Lampu utama LED dan HID memiliki kelemahan pada saat musim hujan tiba. Berikut cara-cara menyiasatinya.

Menyiasati Kelemahan Lampu LED dan HID Saat Kondisi Hujan atau Berkabut

 
Menyiasati Kelemahan Lampu LED dan HID Saat Kondisi Hujan atau Berkabut

Lampu utama LED dan HID memiliki kelemahan pada saat musim hujan tiba. Berikut cara-cara menyiasatinya.

Lampu utama yang menggunakan teknologi HID ataupun lampu LED, semakin jamak dipergunakan sebagai standar. Selain diklaim lebih hemat energi, kedua jenis lampu ini pun mampu memberikan penerangan visual yang lebih baik. Hanya saja ada kelemahan yang mendasar dari jenis teknologi lampu ini.

“Lampu berteknologi HID ataupun LED yang dipergunakan oleh pabrikan biasanya memiliki skala 3.800-4.300 kelvin,” jelas Dadi Tiasono dari Jeep Craft Unlimited, salah satu workshop yang berada di kawasan Jakarta Utara ini.

“Cahaya yang dihasilkan pun cenderung berwarna putih kebiruan. Kelemahan jenis warna ini, tidak bisa menembus kabut ataupun guyuran air hujan dengan baik. Visual mengemudipun terganggu,” sambung pria yang juga menyediakan lampu aftermarket di workshopnya.

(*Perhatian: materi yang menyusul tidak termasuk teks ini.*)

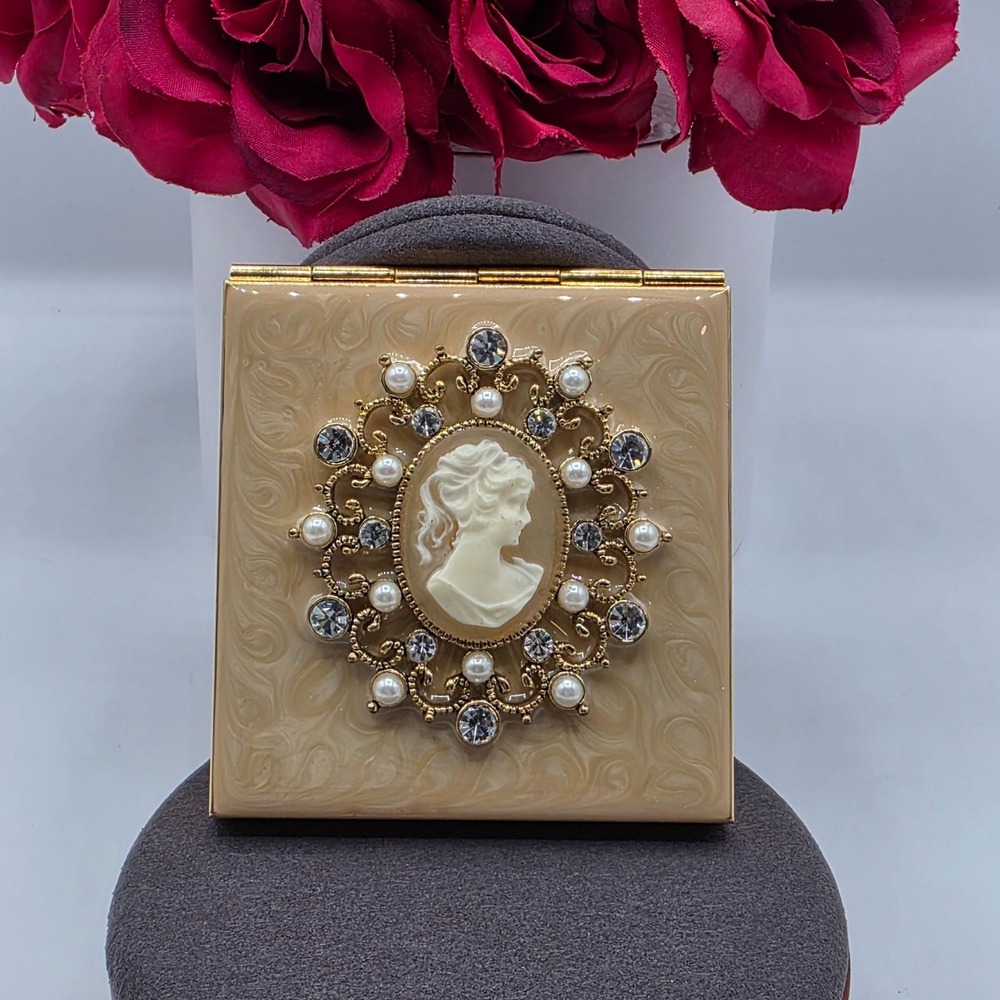Vintage Cameo Compact Mirror Rhinestone Pearl Gold Trim Lighted Makeup Ornate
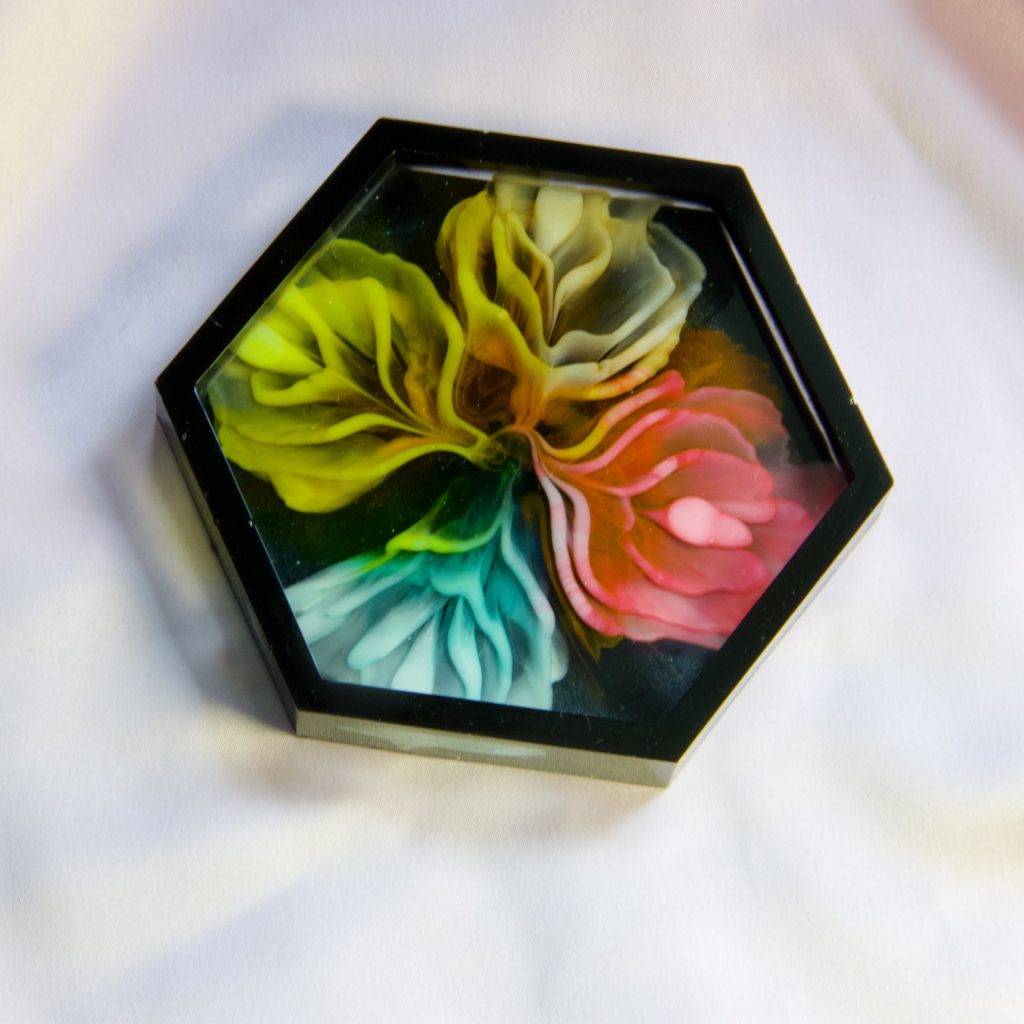Sous-tasse en résine octogonale – Explosion de couleurs et élégance florale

Lampu utama LED dan HID kurang bersahabat dengan kondisi jalanan berkabut ataupun hujan deras

Menurut Dadi, mobil yang sudah menggunakan lampu teknologi seperti ini sudah selayaknya membekali dengan lampu kabut tambahan dengan lampu yang memiliki skala keterangan cahaya di 2.500-3.000 Kelvin atau langsung menggunakan lampu kabut berwarna kuning (2.000-3000 kelvin). "Beberapa jenis lampu tembak LED pun biasanya disertai dengan filter berwarna kuning yang mampu mengkonversi cahaya putih menjadi kuning," imbuhnya.

Lampu foglamp LED dilengkapi dengan cover lampu kuning 

Tak harus memasang lampu kabut tambahan untuk ‘menjinakkan’ pancaran lampu putih. Terdapat cara lain yang jauh lebih murah dan bahkan tidak mengubah spesifikasi lampu standar bawaan kendaraan. “Caranya dengan menempelkan stiker kuning terang pada mika lampu pada saat musim hujan tiba,” jelas Nugroho Wahyu dari Babe Stiker yang bermarkas di Pondok Gede Bekasi. “Stiker kuning yang ditempelkan pada permukaan lampu akan membuat pedar lampu menjadi kuning sehingga mampu memembus kabut atau rintik hujan,” tutupnya.

Lampu utama dengan stiker kuning banyak digunakan dalam balap ketahanan.
 
lampu dengan stiker kuning, jadi solusi murah meriah

Perlu diingat bahwa kondisi alam Indonesia dengan curah hujan tinggi membutuhkan lampu yang dapat menyiasati kondisi seperti ini.